[Information supplied — start]
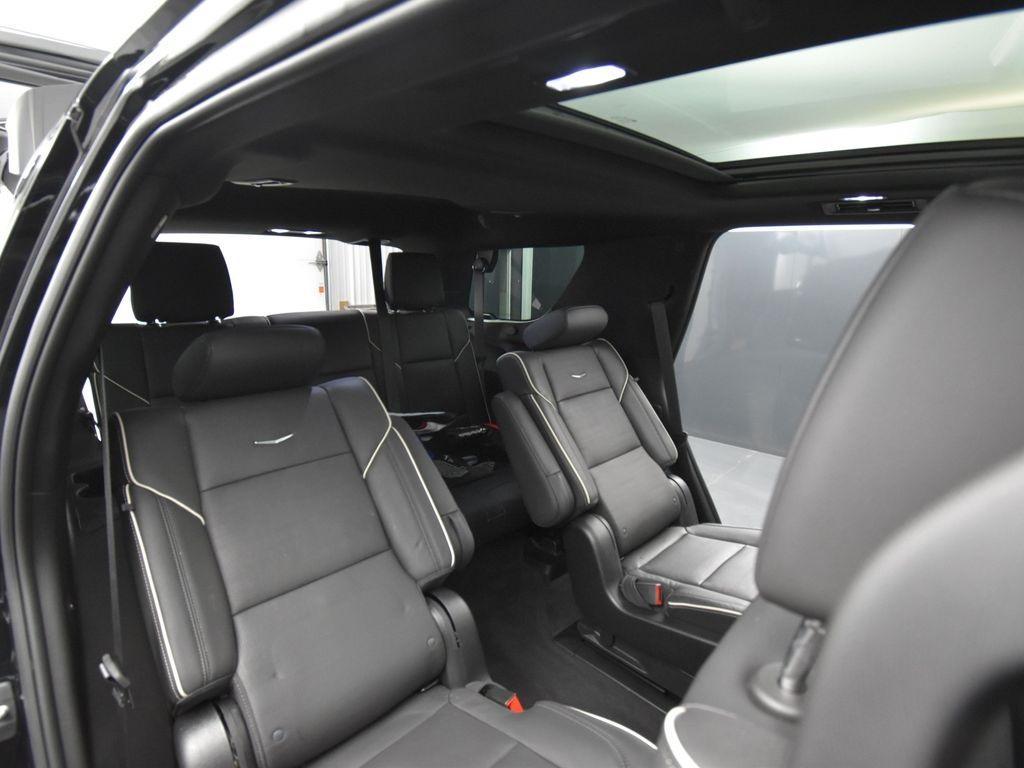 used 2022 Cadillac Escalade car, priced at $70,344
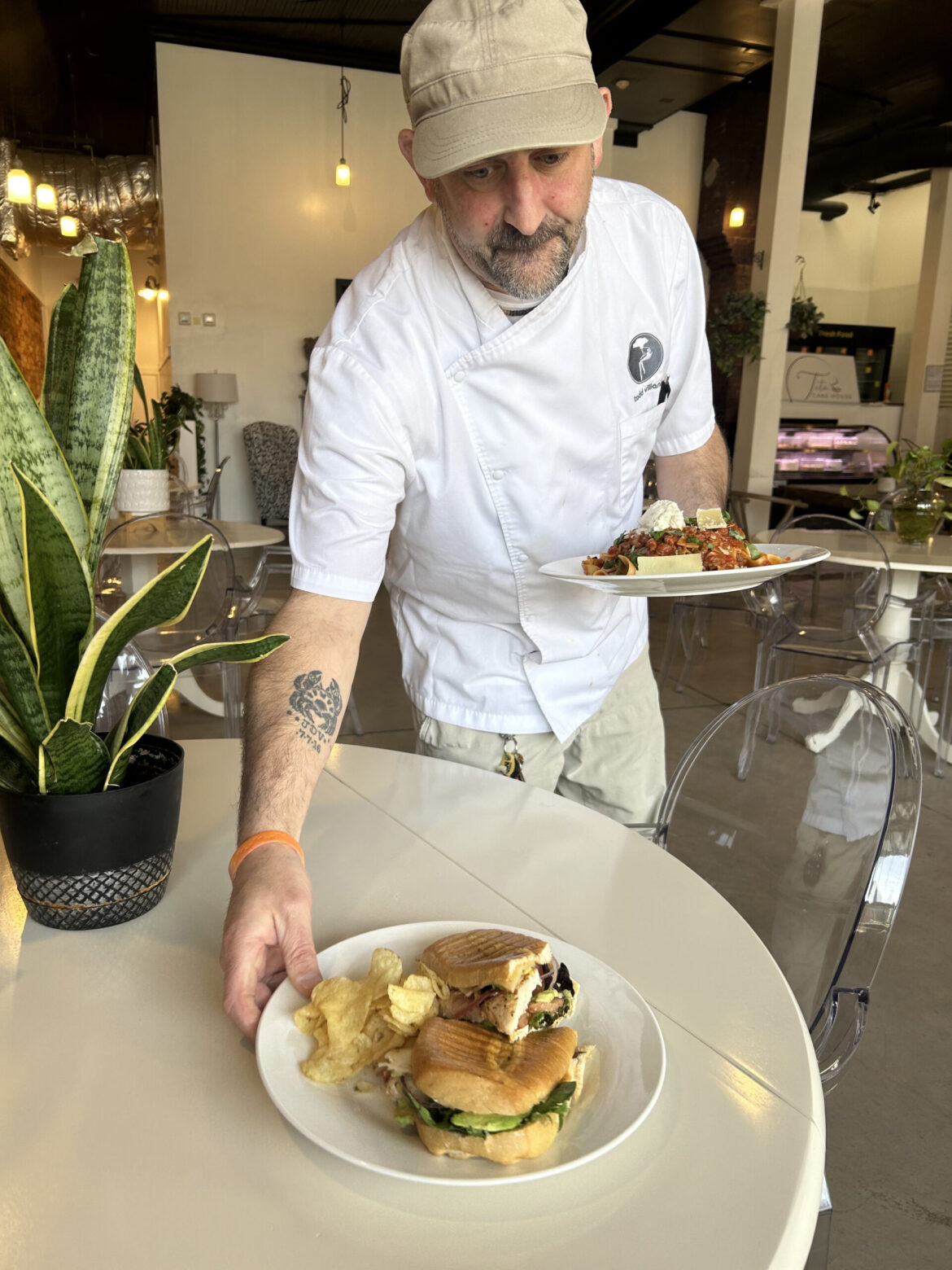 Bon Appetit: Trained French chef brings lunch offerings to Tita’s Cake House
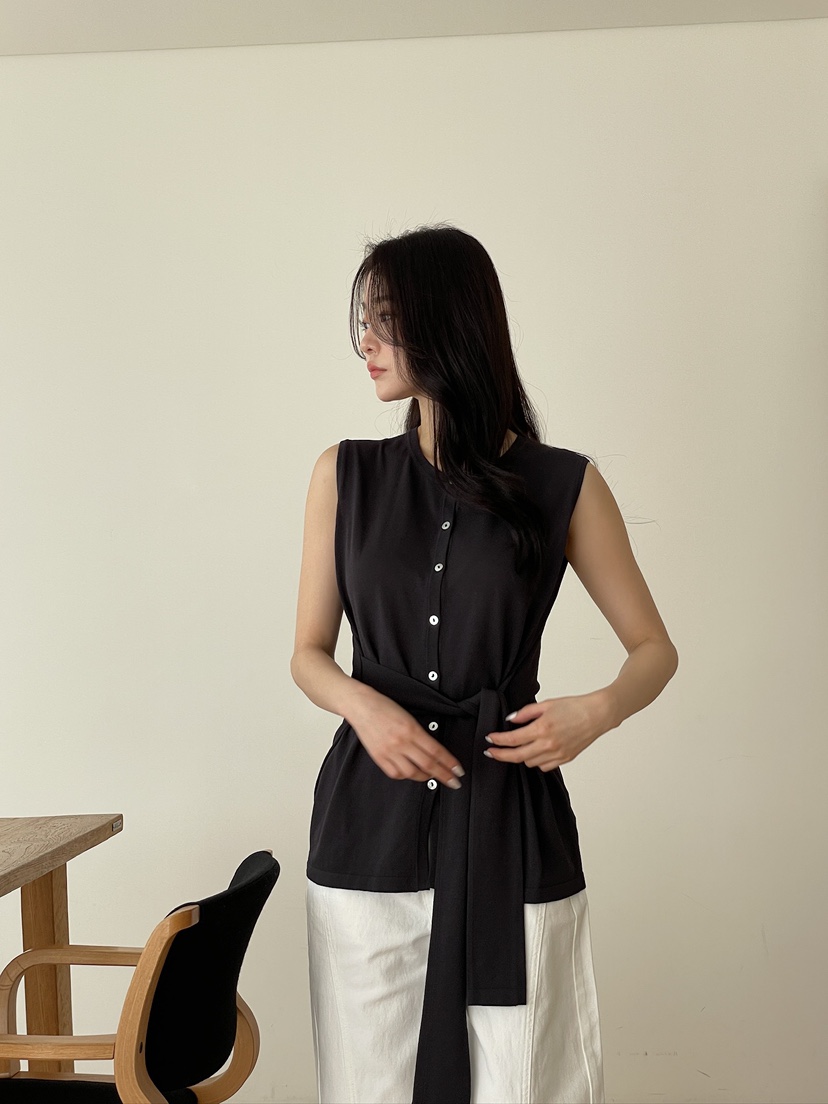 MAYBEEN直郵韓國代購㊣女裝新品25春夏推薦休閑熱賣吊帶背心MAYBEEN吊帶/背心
[Information supplied — finish]
- What this task involves
What the reply must contain is an exact transcription of the data above and none of its pictures.

- Exercise response
 used 2022 Cadillac Escalade car, priced at $70,344
 Bon Appetit: Trained French chef brings lunch offerings to Tita’s Cake House
 MAYBEEN直郵韓國代購㊣女裝新品25春夏推薦休閑熱賣吊帶背心MAYBEEN吊帶/背心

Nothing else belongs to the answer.